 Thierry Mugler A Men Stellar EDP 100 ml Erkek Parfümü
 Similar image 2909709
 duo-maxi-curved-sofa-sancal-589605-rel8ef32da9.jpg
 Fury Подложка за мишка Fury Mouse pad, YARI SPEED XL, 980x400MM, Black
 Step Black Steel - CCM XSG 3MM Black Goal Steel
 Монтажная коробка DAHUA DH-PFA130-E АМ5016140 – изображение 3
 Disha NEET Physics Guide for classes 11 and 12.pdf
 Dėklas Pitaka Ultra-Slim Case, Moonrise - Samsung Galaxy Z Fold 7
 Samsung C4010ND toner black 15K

---

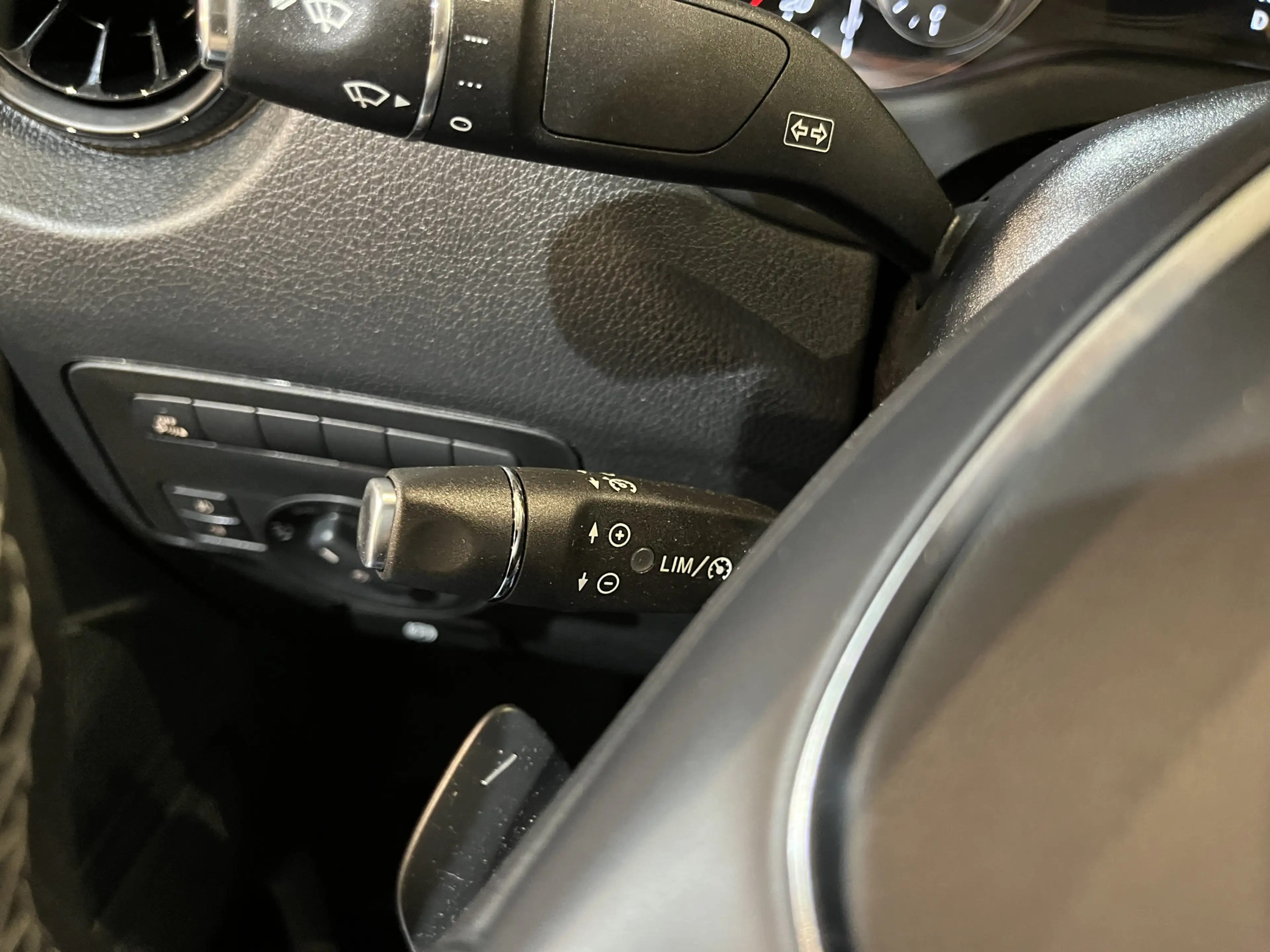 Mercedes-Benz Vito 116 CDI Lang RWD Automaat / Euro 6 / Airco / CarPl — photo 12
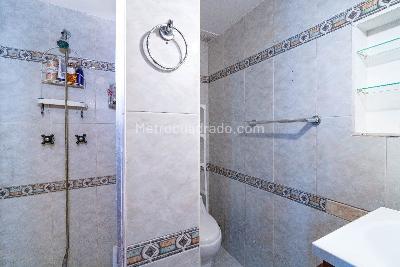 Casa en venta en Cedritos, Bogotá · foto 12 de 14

__What you are asked to do__:
Beginning with the line above that contains "Монтажная коробка DAHUA", copy each line exactly up to and including the line that contains "Samsung C4010ND toner black 15K", and go no further.

__Answer to the exercise__:
 Монтажная коробка DAHUA DH-PFA130-E АМ5016140 – изображение 3
 Disha NEET Physics Guide for classes 11 and 12.pdf
 Dėklas Pitaka Ultra-Slim Case, Moonrise - Samsung Galaxy Z Fold 7
 Samsung C4010ND toner black 15K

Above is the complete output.